Join an in-memory DataFrame to a TableExpression¶
You might have an in-memory DataFrame that you want to join to a TableExpression. For example, you might have a file on your local machine that you don't want to upload to your backend, but you need to join it to a table in that backend.
You can perform joins on local data to TableExpressions from your backend easily with Ibis MemTables.
In this guide, you will learn how to join a pandas DataFrame to a TableExpression.
Data Setup:¶
In this example, we will create two DataFrames: one containing events and one containing event names. We will save the events to a parquet file and read that as a TableExpression in the DuckDB backend. We will then convert the event names DataFrame to a PandasInMemoryTable (MemTable), which is a pandas DataFrame as a TableExpression and join the two expressions together as we would two TableExpressions in a backend.
In [1]: import ibis
In [2]: import pandas as pd
...: from datetime import date
In [3]: # create a pandas DataFrame that we will convert to a
...: # PandasInMemoryTable (Ibis MemTable)
...: events = pd.DataFrame(
...: {
...: 'event_id': range(4),
...: 'event_name': [f'e{k}' for k in range(4)],
...: }
...: )
In [4]: # Create a parquet file that we will read in using the DuckDB backend
...: # as a TableExpression
...: measures = pd.DataFrame({
...: "event_id": [0] * 2 + [1] * 3 + [2] * 5 + [3] * 2
...: ,"measured_on": map(
...: date
...: ,[2021] * 12, [6] * 4 + [5] * 6 + [7] * 2
...: ,range(1, 13)
...: )
...: ,"measurement": None
...: })
In [5]: measures.at[1, "measurement"] = 5.
...: measures.at[4, "measurement"] = 42.
...: measures.at[5, "measurement"] = 42.
...: measures.at[7, "measurement"] = 11.
In [6]: # Save measures to parquet:
...: measures.to_parquet('measures.parquet')
In [7]: # connect to a DuckDB backend
...: conn = ibis.connect('duckdb://:memory:')
...: measures = conn.register('measures.parquet', 'measures')

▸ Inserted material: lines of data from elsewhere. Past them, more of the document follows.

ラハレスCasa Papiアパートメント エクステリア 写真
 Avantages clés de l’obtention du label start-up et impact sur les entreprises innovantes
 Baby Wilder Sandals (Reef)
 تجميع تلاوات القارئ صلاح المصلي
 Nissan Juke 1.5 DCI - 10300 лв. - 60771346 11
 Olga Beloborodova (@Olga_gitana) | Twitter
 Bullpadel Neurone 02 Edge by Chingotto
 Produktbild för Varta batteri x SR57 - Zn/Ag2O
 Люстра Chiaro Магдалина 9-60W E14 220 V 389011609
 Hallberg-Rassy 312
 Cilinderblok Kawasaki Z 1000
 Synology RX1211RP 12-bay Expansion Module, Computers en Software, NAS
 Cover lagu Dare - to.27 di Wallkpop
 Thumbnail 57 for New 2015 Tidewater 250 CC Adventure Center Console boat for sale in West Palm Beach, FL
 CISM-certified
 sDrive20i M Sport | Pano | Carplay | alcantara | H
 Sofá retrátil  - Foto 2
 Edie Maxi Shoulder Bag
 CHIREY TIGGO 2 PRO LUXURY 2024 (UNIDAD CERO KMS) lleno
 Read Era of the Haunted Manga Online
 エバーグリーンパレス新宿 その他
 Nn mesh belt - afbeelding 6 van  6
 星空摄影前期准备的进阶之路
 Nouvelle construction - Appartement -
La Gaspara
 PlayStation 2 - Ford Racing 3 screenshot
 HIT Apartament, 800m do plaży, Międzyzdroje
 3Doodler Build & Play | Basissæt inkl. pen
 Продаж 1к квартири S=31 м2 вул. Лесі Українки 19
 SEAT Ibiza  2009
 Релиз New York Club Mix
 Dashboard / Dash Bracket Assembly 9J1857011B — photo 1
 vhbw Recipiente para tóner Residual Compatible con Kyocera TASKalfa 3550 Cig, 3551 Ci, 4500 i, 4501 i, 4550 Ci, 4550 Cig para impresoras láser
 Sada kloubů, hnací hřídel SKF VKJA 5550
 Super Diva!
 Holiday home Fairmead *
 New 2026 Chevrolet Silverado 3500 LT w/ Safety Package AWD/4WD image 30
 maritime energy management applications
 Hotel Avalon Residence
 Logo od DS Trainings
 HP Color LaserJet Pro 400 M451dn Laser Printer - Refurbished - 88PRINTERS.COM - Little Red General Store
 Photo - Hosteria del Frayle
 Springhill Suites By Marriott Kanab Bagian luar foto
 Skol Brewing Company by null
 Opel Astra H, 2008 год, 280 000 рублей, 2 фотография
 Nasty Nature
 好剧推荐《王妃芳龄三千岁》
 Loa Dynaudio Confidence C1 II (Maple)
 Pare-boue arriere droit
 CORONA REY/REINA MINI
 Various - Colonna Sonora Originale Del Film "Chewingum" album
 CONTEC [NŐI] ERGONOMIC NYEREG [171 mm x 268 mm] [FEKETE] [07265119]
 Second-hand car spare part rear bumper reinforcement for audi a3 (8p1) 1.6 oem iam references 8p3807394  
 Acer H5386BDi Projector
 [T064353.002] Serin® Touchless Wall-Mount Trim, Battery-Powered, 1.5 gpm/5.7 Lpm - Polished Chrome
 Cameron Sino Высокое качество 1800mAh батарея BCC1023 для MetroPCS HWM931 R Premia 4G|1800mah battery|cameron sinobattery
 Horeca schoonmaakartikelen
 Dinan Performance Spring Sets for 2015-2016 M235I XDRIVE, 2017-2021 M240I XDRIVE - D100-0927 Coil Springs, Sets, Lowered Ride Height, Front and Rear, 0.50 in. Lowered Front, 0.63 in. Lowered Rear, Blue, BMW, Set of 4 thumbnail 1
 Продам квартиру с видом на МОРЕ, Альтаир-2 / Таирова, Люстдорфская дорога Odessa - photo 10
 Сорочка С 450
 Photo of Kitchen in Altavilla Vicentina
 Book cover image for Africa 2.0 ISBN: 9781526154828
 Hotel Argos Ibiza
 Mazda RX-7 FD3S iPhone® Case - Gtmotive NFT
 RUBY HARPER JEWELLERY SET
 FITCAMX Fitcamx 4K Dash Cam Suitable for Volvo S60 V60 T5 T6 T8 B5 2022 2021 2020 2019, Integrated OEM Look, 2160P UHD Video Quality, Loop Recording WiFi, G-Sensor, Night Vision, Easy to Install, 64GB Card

In [8]: # `measures` is a TableExpression in a DuckDB backend connection:
...: measures
Out[8]:
AlchemyTable: measures
event_id int64
measured_on date
measurement float64
Converting a pandas DataFrame to a MemTable is as simple as feeding it to ibis.memtable
:
In [9]: # To join, convert your DataFrame to a memtable
...: mem_events = ibis.memtable(events)
In [10]: mem_events
Out[10]:
PandasInMemoryTable
data:
PandasDataFrameProxy:
event_id event_name
0 0 e0
1 1 e1
2 2 e2
3 3 e3
and joining is the same as joining any two TableExpressions:
In [11]: # Join as you would two table expressions
...: measures.join(
...: mem_events,
...: measures['event_id'] == mem_events['event_id']
...: ).to_pandas()
Out[11]:
event_id measured_on measurement event_name
0 0 2021-06-01 NaN e0
1 0 2021-06-02 5.0 e0
2 1 2021-06-03 NaN e1
3 1 2021-06-04 NaN e1
4 1 2021-05-05 42.0 e1
5 2 2021-05-06 42.0 e2
6 2 2021-05-07 NaN e2
7 2 2021-05-08 11.0 e2
8 2 2021-05-09 NaN e2
9 2 2021-05-10 NaN e2
10 3 2021-07-11 NaN e3
11 3 2021-07-12 NaN e3
Note that the return result of the join
is a TableExpression and that to_pandas
returns a pandas DataFrame.